Los testigos de Jehová no aceptan transfusiones de sangre porque la ley de Dios prohíbe que se use la sangre de esa manera. La ley de Dios prohíbe que uno hurte, que asesine, que cometa

adulterio, que adore ídolos; de modo que los testigos de Jehová no hacen estas cosas. La ley de Dios también dice: “Que se abstengan de . . . la sangre.” (Hech. 15:20; Gén. 9:4) De modo que en obediencia al mandato de Dios, se abstienen de tomar sangre. Esto no significa que rechazan todo Tratamiento médico. No, en emergencias utilizan ensanchadoras del volumen del plasma, que son mucho más seguras que las transfusiones de sangre. Los testigos de Jehová no condenan la práctica médica; hay muchos médicos y dentistas entre ellos. Pero rehúsan violar la ley de Dios simplemente para ir de acuerdo con alguna práctica médica de la actualidad.
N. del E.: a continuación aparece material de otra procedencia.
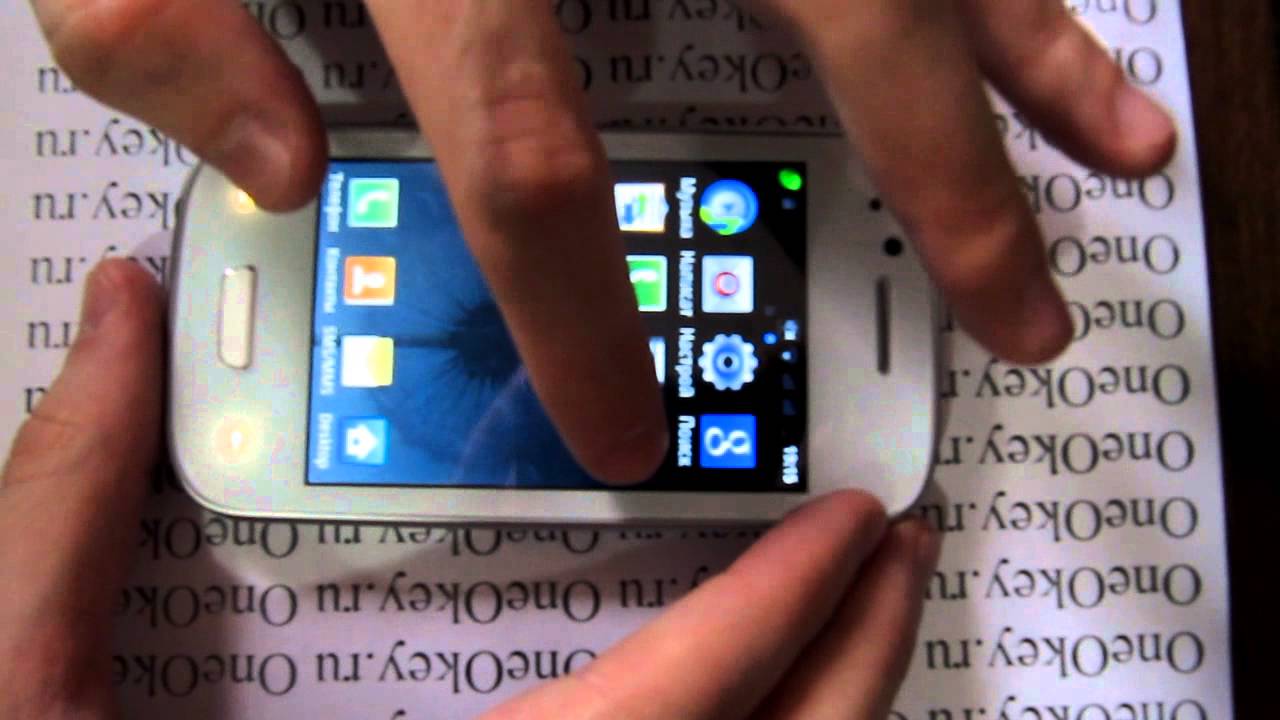 Видеообзор Samsung Galaxy S3 N9300 Mini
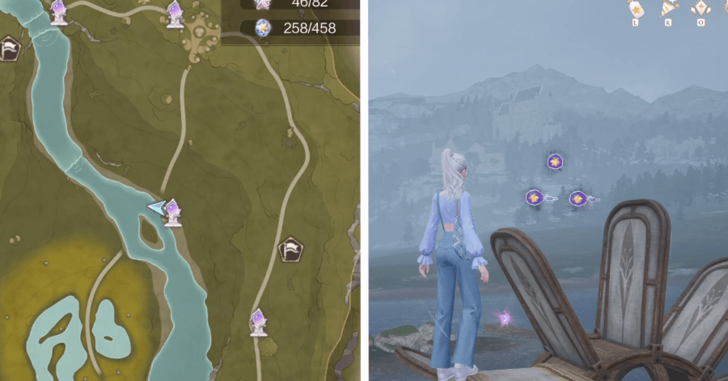 Wishing Woods Dew 259-261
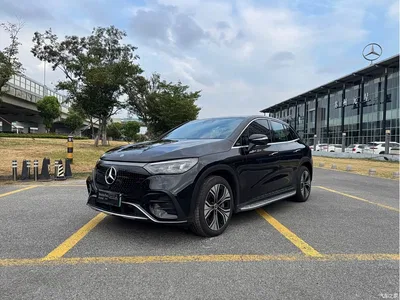 2024 Mercedes-Benz EQE SUV 500 4MATIC Pioneer Edition, фото 2, лот 10335536
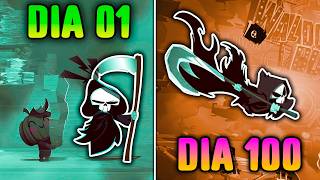 PASSEI 100 DIAS ZERANDO HAVE A NICE DEATH - O FILME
Pero supongamos que la esposa o el hijo de uno estuviera a punto de morir. El administrarle sangre, sin importar quién sea la persona amada, todavía constituiría una violación de la ley de Dios. El solo hecho de que uno esté a punto de morir no le da a uno libertad para quebrantar los mandamientos de Dios. Cuando uno está cerca de la muerte no es hora de pensar en alterar o violar la ley de Dios, sino, más bien, un tiempo de acercarse lo más posible a Dios permaneciendo fiel. La vida eterna es el galardón por la fidelidad. ¡Qué tontería sería perder la expectativa de vida eterna por la muy incierta promesa de una curación con transfusión de sangre!—Rev. 2:10.